- Aim of the task: Repeat word for word the lines from the one containing "и Московской области" to the end of the material below, and leave all pictures out.

_____

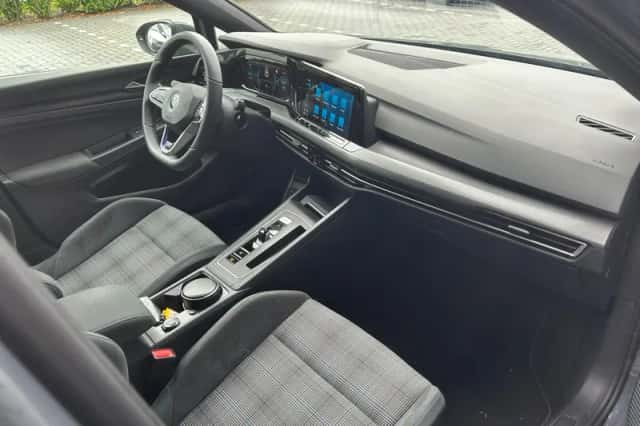 Volkswagen Golf (2021) thumbnail 2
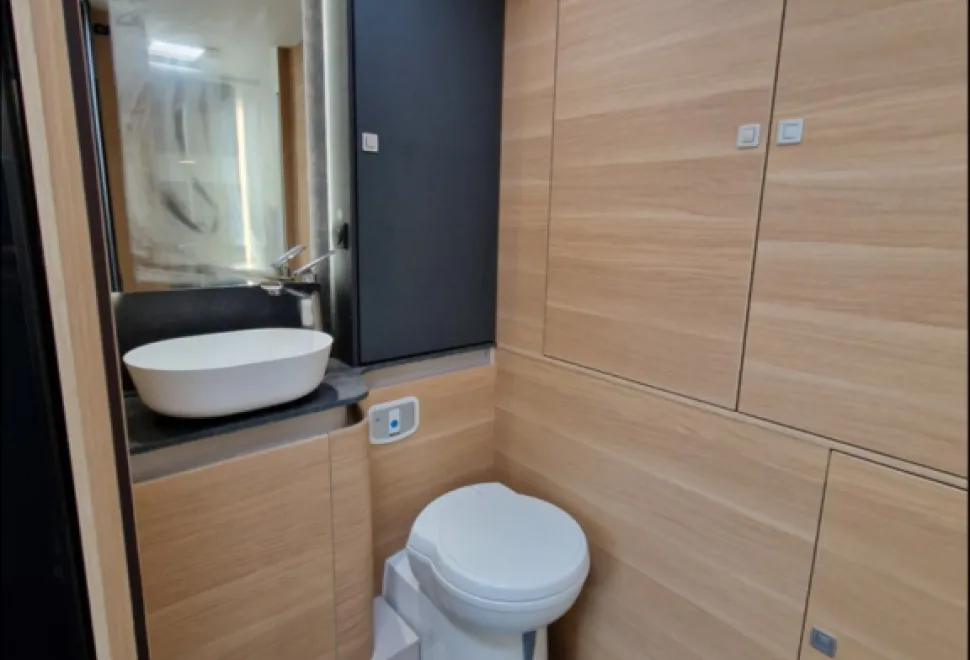 Adria Matrix Plus 600 DT 2024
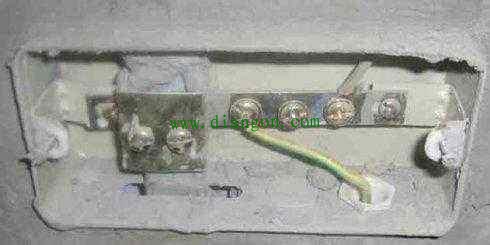 卫生间的“生命保护箱”等电位联结端子箱不要拆 关键时刻能救命的！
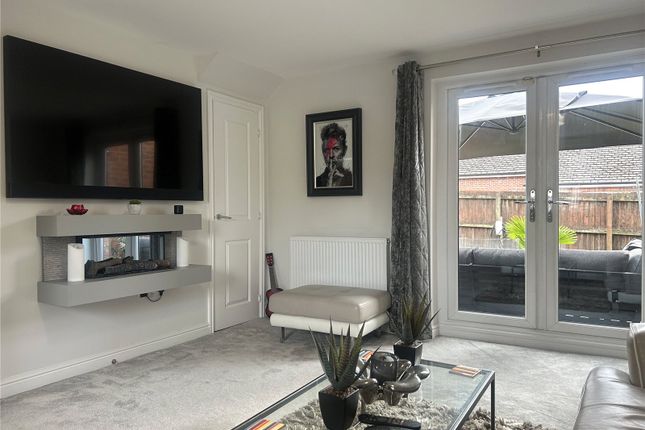 9, Shillingford Road, Oldham photo 4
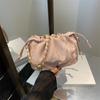 Bolso Pequeño de Cadena de Nicho Versátil para Mujer Bolso de Hombro de Alta Gama Moderno Bolso Cruzado tipo Cubo Estilo Coreano para Mujer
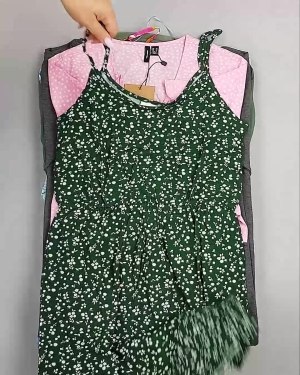 Фотография  774 - Платья Bestseller 44#5 кг, ЛОТ №6538 оптом в Москве и Московской области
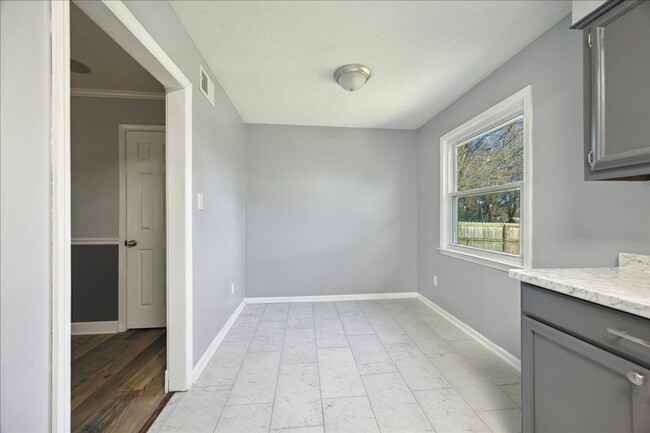 Building Photo - 3BED/2BATH REMODELED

_____

- Result of the task:
 Фотография  774 - Платья Bestseller 44#5 кг, ЛОТ №6538 оптом в Москве и Московской области
 Building Photo - 3BED/2BATH REMODELED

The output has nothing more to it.